● Work instructions
Exercise in exact copying: restate word for word only the lines below from the one containing "Ugyanaz a részlet" through the one containing "GERAM Roger Pergoki", omitting any pictures.

● Listed records
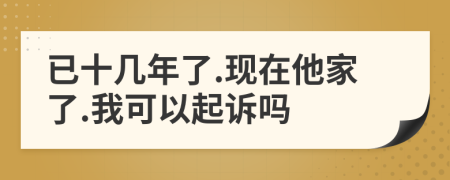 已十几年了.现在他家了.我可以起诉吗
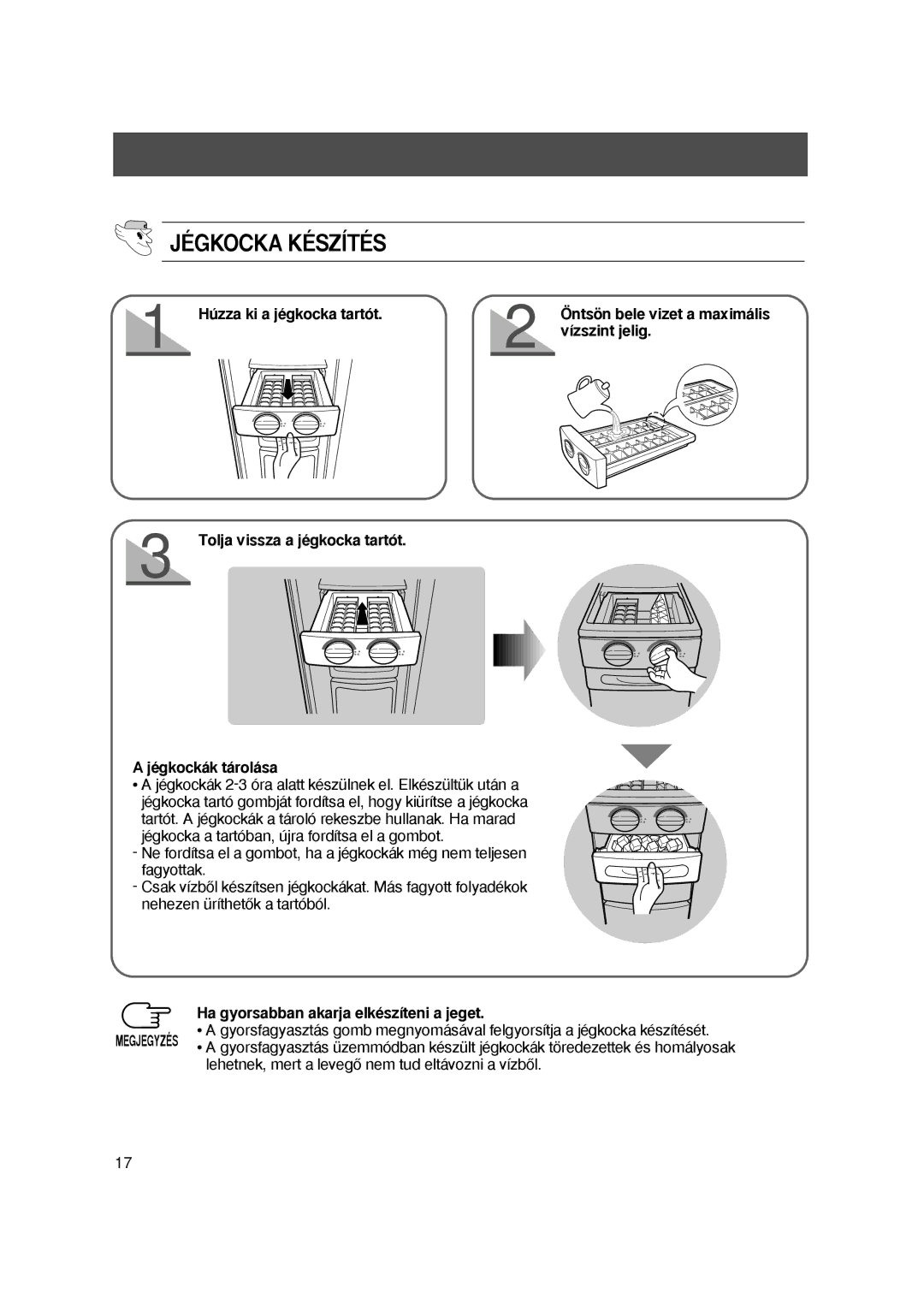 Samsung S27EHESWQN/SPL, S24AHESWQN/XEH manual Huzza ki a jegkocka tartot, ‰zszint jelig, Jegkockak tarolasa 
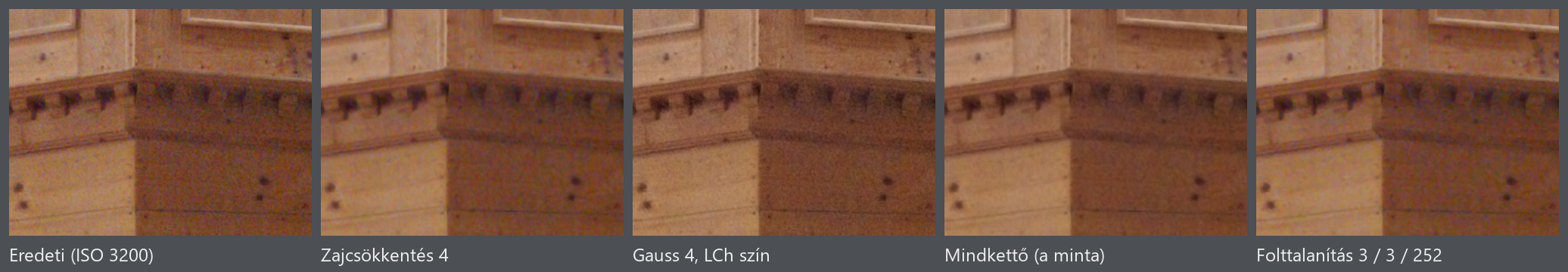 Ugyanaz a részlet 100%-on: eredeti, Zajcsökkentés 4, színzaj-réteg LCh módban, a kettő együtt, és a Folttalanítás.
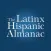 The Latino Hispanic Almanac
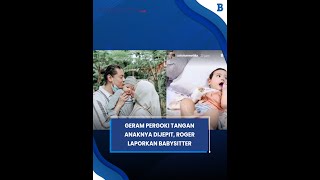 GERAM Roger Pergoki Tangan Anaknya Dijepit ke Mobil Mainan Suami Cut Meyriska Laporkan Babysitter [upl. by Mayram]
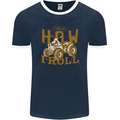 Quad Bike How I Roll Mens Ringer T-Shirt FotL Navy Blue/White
==
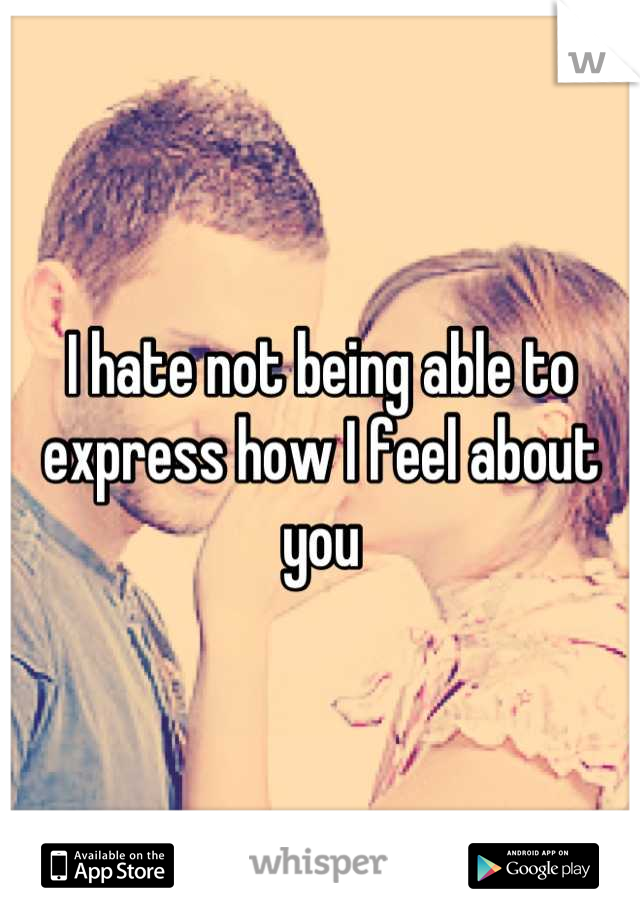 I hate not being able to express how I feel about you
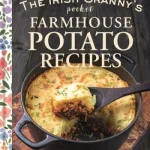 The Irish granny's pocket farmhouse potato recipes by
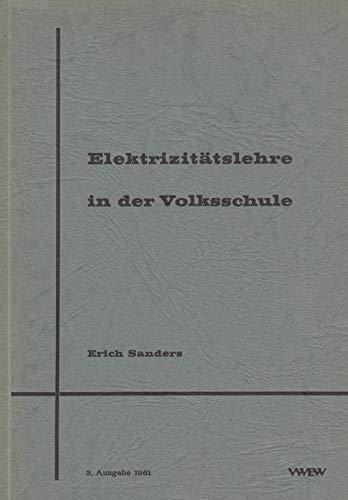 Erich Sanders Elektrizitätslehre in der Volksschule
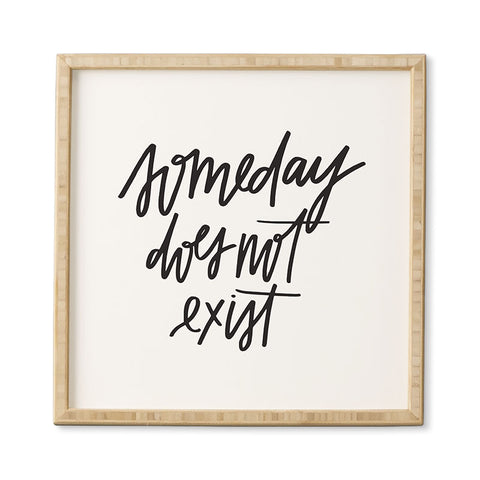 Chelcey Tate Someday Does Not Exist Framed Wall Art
* * *
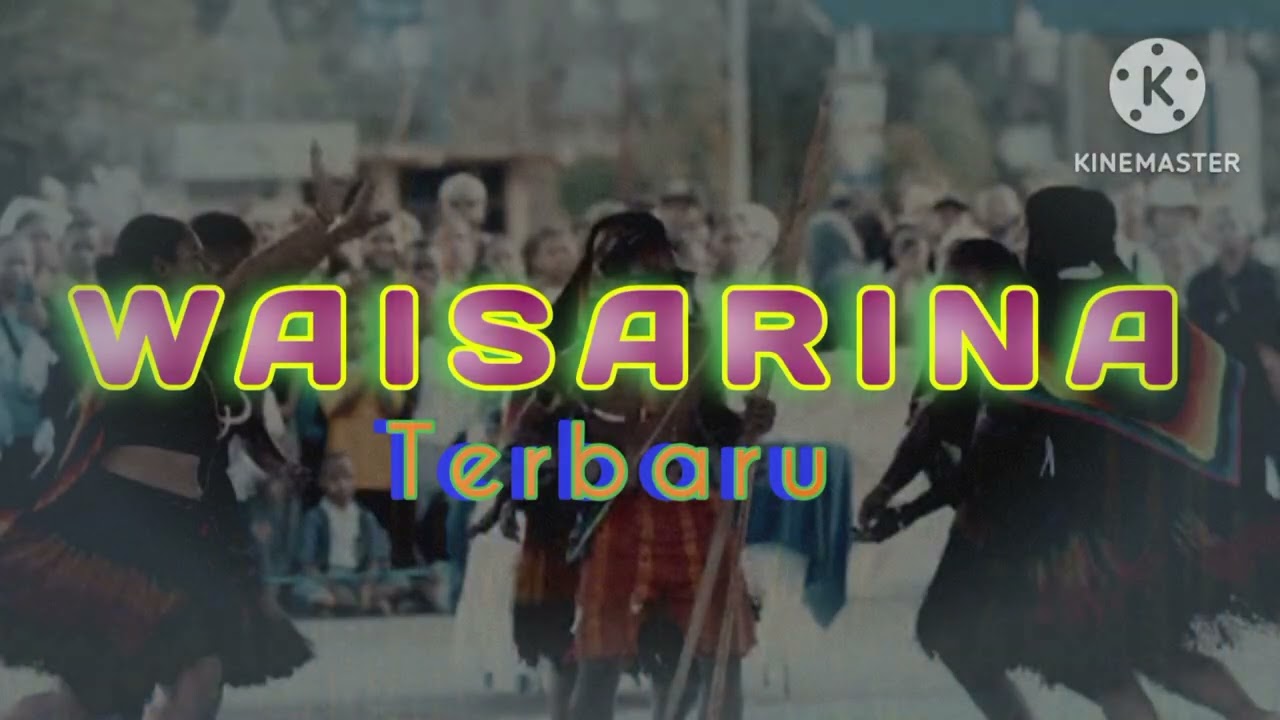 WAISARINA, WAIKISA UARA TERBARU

● Answer space
 Ugyanaz a részlet 100%-on: eredeti, Zajcsökkentés 4, színzaj-réteg LCh módban, a kettő együtt, és a Folttalanítás.
 The Latino Hispanic Almanac
 GERAM Roger Pergoki Tangan Anaknya Dijepit ke Mobil Mainan Suami Cut Meyriska Laporkan Babysitter [upl. by Mayram]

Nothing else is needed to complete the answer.